# THE TASK:
Write out again, word for word, the lines below from the line that holds "As always, we" through the line that holds "We have an online", omitting pictures.

*** Opening of DATA SECTION ***

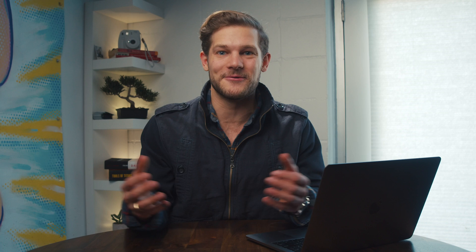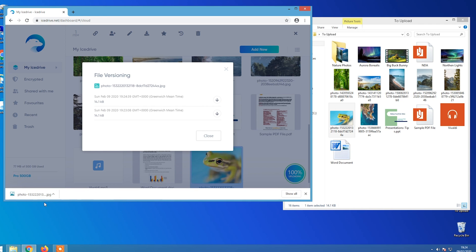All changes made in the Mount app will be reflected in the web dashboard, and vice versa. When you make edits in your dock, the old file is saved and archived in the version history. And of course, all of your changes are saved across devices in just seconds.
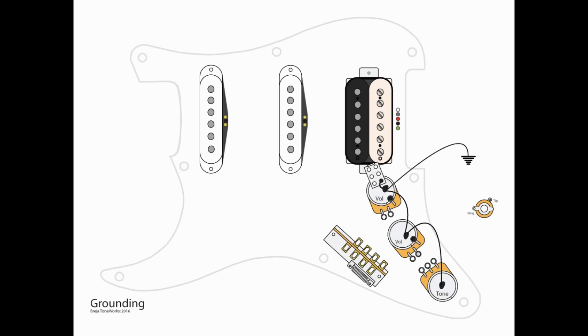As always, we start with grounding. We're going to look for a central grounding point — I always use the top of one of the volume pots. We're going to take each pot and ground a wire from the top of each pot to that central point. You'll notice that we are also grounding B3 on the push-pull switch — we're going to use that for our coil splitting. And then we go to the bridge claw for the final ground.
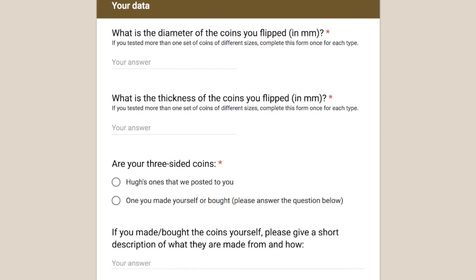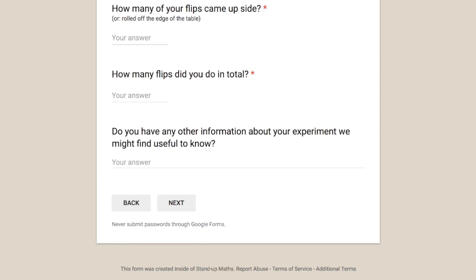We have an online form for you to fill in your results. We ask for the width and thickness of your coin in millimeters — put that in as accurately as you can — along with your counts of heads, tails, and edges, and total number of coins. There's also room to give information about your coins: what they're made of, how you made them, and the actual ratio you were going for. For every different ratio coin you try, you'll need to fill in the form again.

*** Close of DATA SECTION ***
*** Opening of DATA SECTION ***

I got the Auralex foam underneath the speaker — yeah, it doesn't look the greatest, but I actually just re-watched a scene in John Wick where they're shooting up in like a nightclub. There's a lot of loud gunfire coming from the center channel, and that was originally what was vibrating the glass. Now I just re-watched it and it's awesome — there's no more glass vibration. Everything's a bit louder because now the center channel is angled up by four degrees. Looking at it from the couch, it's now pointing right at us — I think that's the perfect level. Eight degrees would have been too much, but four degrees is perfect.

*** Close of DATA SECTION ***
*** Opening of DATA SECTION ***

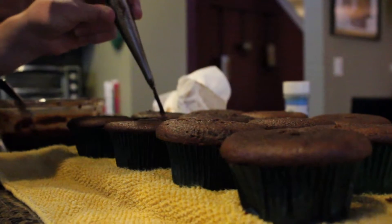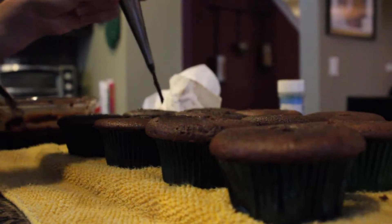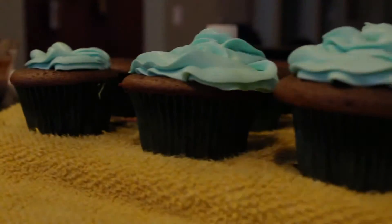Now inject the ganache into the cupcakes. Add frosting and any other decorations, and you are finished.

*** Close of DATA SECTION ***

# WRITTEN SOLUTION:
As always, we start with grounding. We're going to look for a central grounding point — I always use the top of one of the volume pots. We're going to take each pot and ground a wire from the top of each pot to that central point. You'll notice that we are also grounding B3 on the push-pull switch — we're going to use that for our coil splitting. And then we go to the bridge claw for the final ground.
We have an online form for you to fill in your results. We ask for the width and thickness of your coin in millimeters — put that in as accurately as you can — along with your counts of heads, tails, and edges, and total number of coins. There's also room to give information about your coins: what they're made of, how you made them, and the actual ratio you were going for. For every different ratio coin you try, you'll need to fill in the form again.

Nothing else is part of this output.